# Refinishing an ercol coffee table



## seanybaby (15 Aug 2008)

Someone that i know wants me to re-finish an ercol coffee table. I haven't seen it yet, and not too sure what the original finish was? Any ideas? All i know is it's made from Elm.

TBH - I was going to strip it back with paint stripper, then either danish oil and wax it, or just wax. I'm just a little worried about coffee cup rings making marks and don't want to do the job twice.


----------



## Sgian Dubh (15 Aug 2008)

Until about ten or twelve years ago, and prior to their move, Ercol mostly finished their furniture with spray coatings based on the nitrocellulose family; more specifically they primarily used a pre-cat formulated for them by, I think, a German manufacturer.

After they moved to their new manufacturing plant at the Princes Risborough location they switched to water based finishes , again specially formulated for them by, I think, the same manufacturer. 

Their finishing shop supervisor, who played rugby in the same team as me about three or four years ago, wasn't especially enamoured of the water based finishes. 

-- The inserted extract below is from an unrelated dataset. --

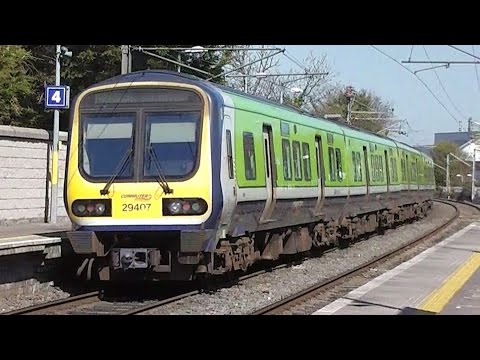 Irish Rail 29000 Class Commuter Train 29107 - Howth Junction Station, Dublin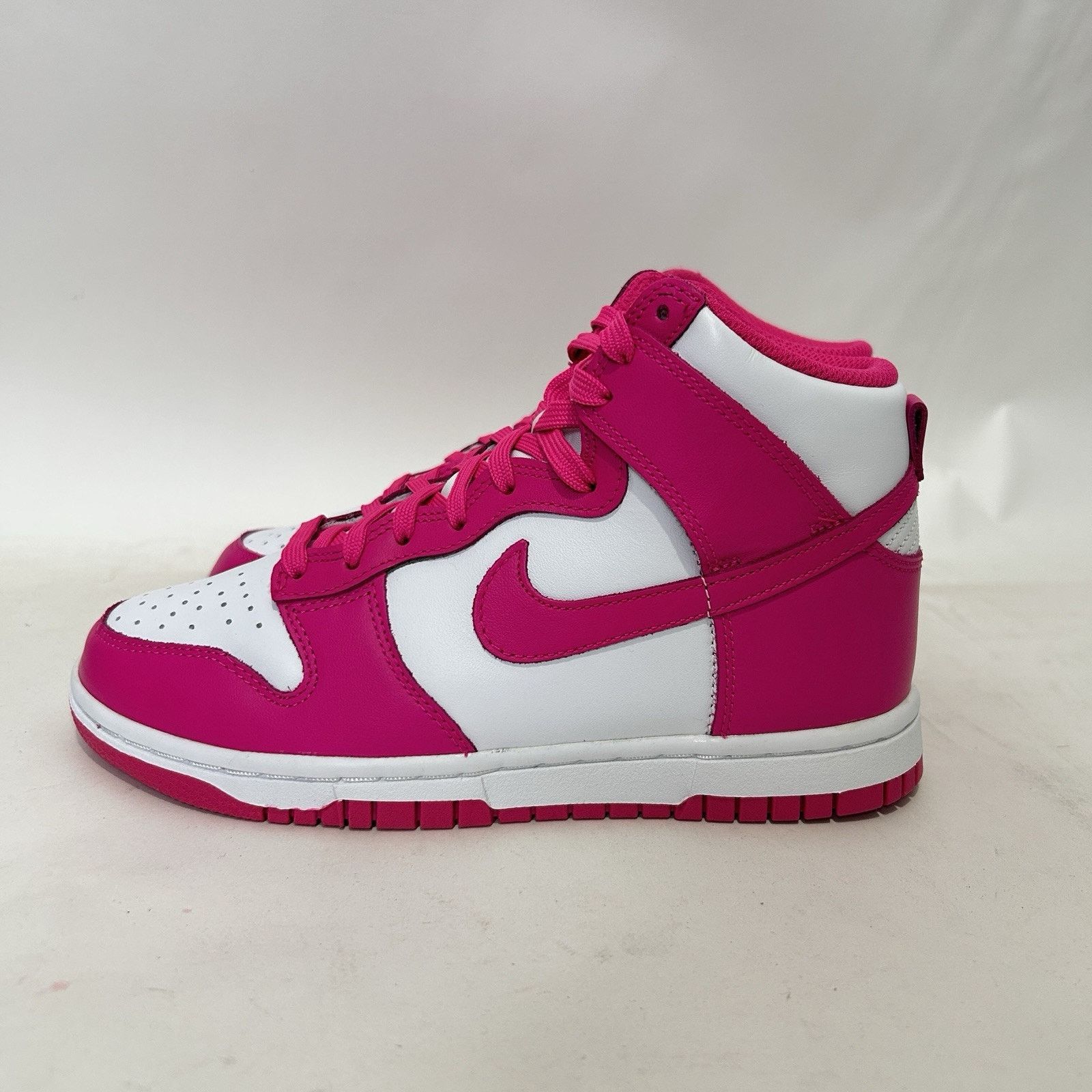 Nike Nike Dunk High Retro WMNS “Prime Pink” Size US 6 / IT 36 - 6 Thumbnail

This information should give you an idea of what the original finish was and how it was applied, ie, most likely it was a spray finish -- the tours I took of the factory showed me that all their finishing was done with a spray gun, from staining and dying to final clear coats. 

I wouldn't use Danish oil and/or wax if you want to replicate the original finish. Slainte.


----------



## seanybaby (17 Aug 2008)

Thanks for the info Richard


----------